==== Data block
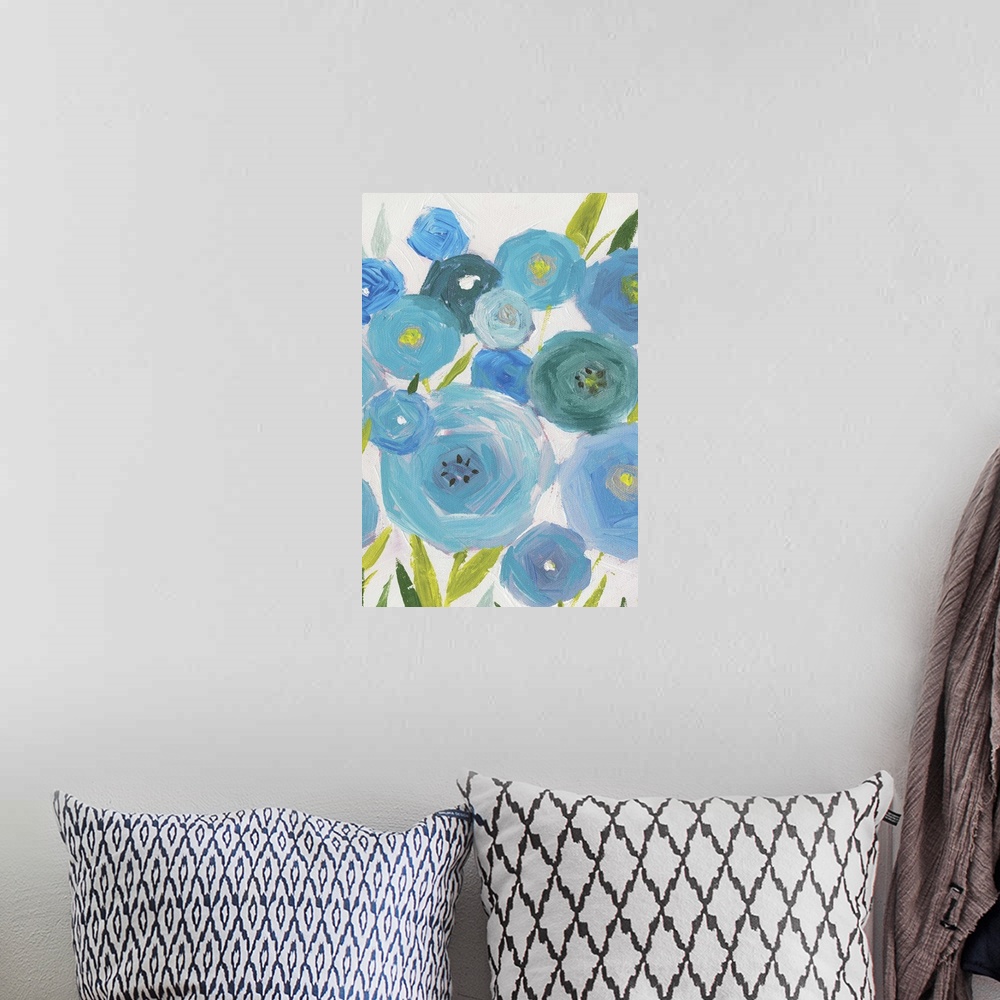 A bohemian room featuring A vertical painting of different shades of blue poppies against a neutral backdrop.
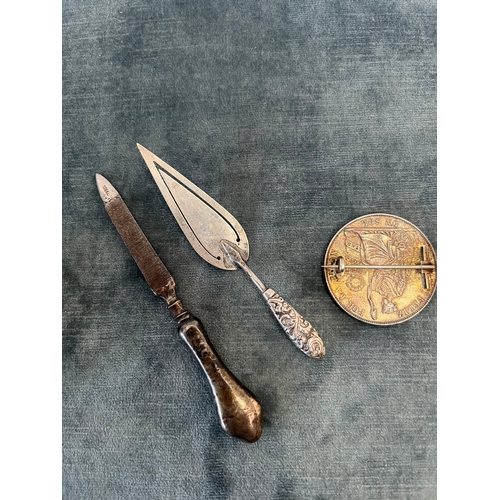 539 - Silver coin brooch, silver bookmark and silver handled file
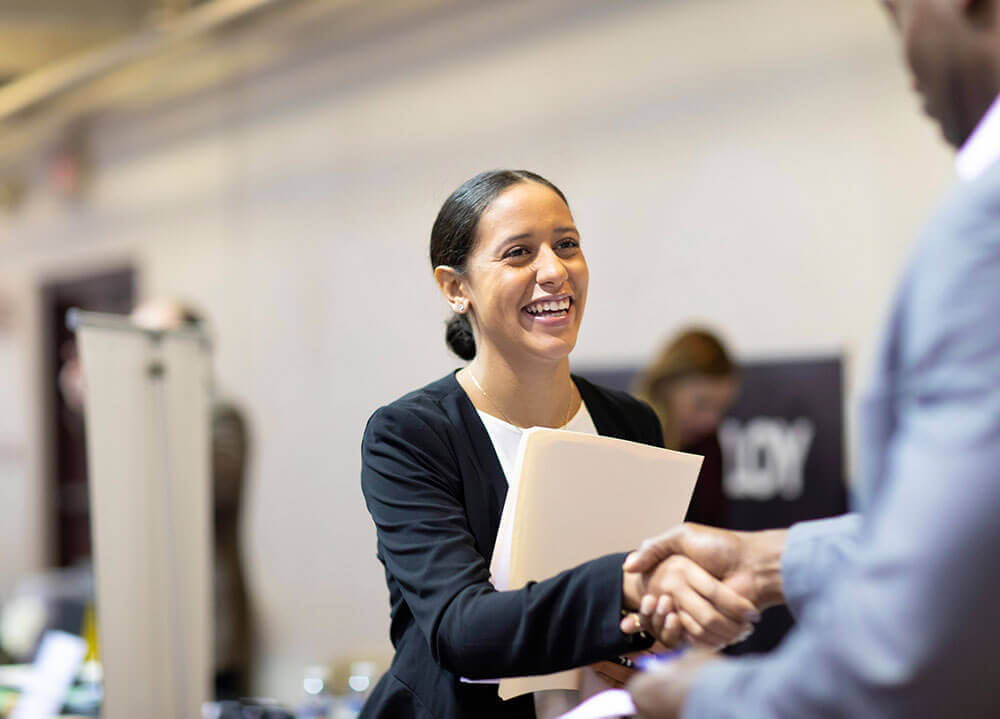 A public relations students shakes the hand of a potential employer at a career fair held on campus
========
**Exercise prompt:**
Would you set down, word for word, the lines running from the one that contains "539 - Silver" to the last line of the material, omitting all pictures?

**Answer to this problem:**
 539 - Silver coin brooch, silver bookmark and silver handled file
 A public relations students shakes the hand of a potential employer at a career fair held on campus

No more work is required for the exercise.